Tre giorni di silenzio Una litigata epica? Adriano: «Solo in campo». Paolo: «Eravamo in America: come al solito, lui sbagliava e dava la colpa a me. Lo mandai a quel paese e gli tolsi la parola. Per tre giorni, in camera insieme, un silenzio tombale. La mattina del quarto giorno, a colazione, mi disse: o mi parli o quant’è vero Iddio, ti strangolo». Non potrebbero essere più diversi: Panatta di famiglia socialista, Bertolucci liberale, Adriano giocava a sinistra, Paolo a destra, uno non si dà mai pace, l’altro è pacioso. Alla fine, cosa vi lega? «Niente – risponde Paolo —, ma lui mi segue: prima in Toscana, in Veneto oggi che vive a Treviso con Anna. È uno stalker!». Per uscirne, come da uno scambio asfissiante, Panatta s’inventa una veronica: «Ma quella volta che Paolo morì in silenzio per la vergogna? Andammo al largo a fare il bagno col pattino, in Versilia. Eravamo ragazzi: per scherzo lo buttai in acqua. Lo vidi andare a fondo come un piombo: stava sotto, fermo, e mi guardava. Non sapeva nuotare, lui fortemarmino, ma non lo diceva! Moriva in silenzio, piuttosto...». «Morivo per non vederti mai più».
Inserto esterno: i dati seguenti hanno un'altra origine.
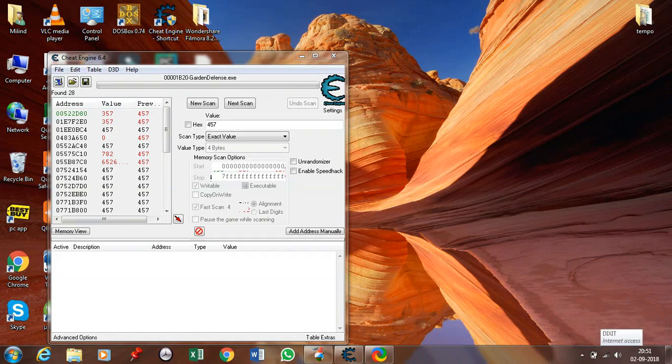Hey guys, this is TechMax and today I will show you how to hack any game using Cheat Engine. Cheat Engine is a software used to hack game values. You can find the program in the description.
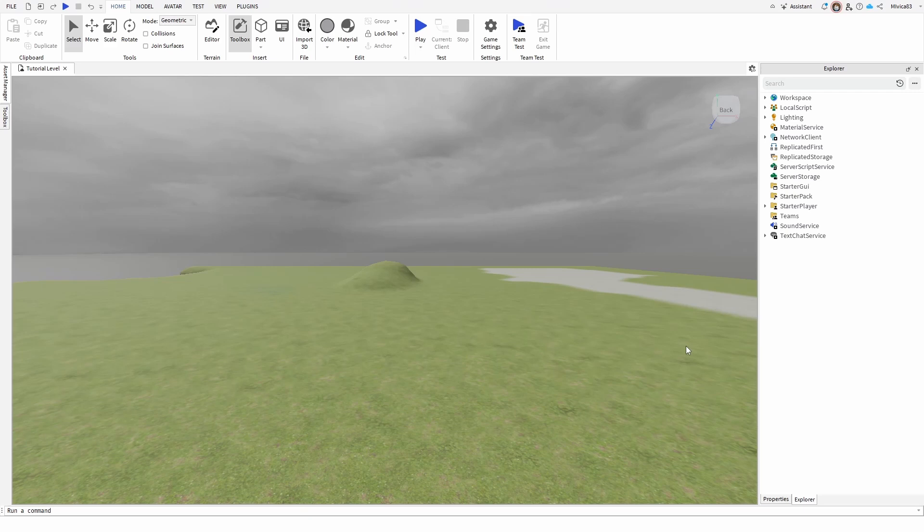Hey everybody, my name is Ivica. Thank you so much for joining me on my latest Roblox Studio beginner tutorial that will show you how you can remove the mouse cursor from your game.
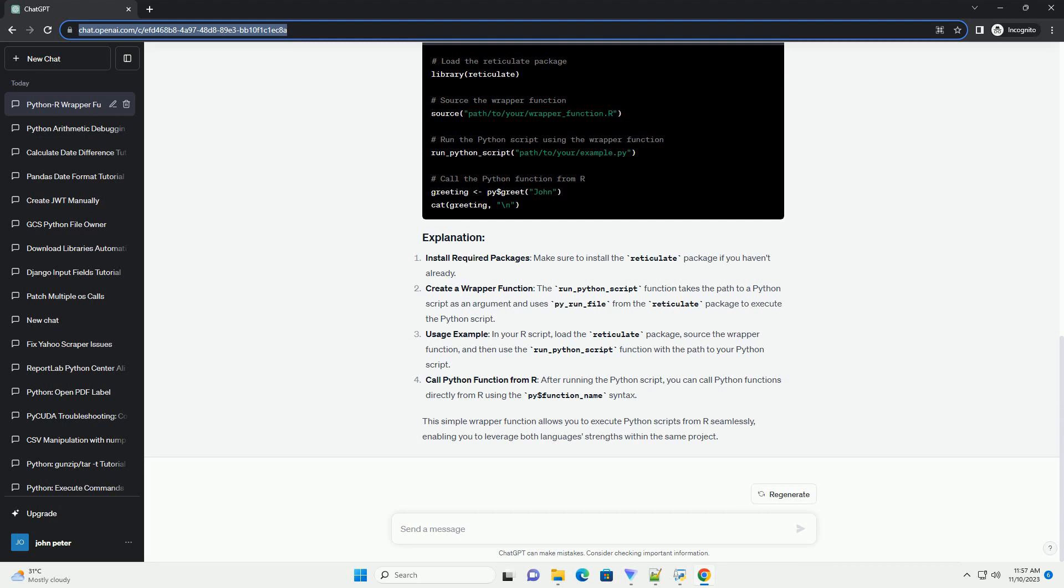Create a wrapper function. The run__python__script function takes the path to a Python script as an argument and uses py__run__file from the reticulate package to execute the Python script.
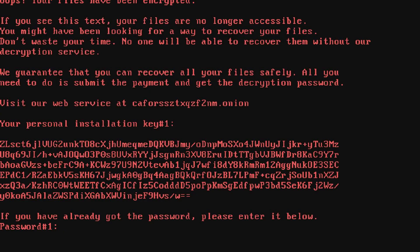Now you don't see this message. It'll say: oops, your files have been encrypted. If you see this text, your files are no longer accessible. You might have been looking for a way to recover your files. Don't waste your time. No one will be able to recover them without their decryption service. We guarantee that you can recover all your files safely. All you need to do is submit the payment and get the decryption password.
Si potrebbe andare avanti per ore. Ed è chiaro che questa litigiosa sintonia debba trovare uno sbocco tv, se non altro per far sapere a tutti che Bertolucci ha rimosso l’incontro con Andreotti di ritorno dal Cile con la Davis ma è l’unico a cui Panatta riconosca una competenza tennistica. Non giocano insieme dal ritiro (ma spesso sognano entrambi di ritrovarsi in campo con in mano una padella o una spazzola al posto della racchetta), non si sono mai abbracciati però si vogliono un bene dell’anima. Paolo: «So che per me ci sarai sempre». Adriano: «Ci puoi contare». Poi, di colpo, parte il fuoco amico incrociato delle insolenze. Irripetibili, grondanti affetto. Anzi, amore.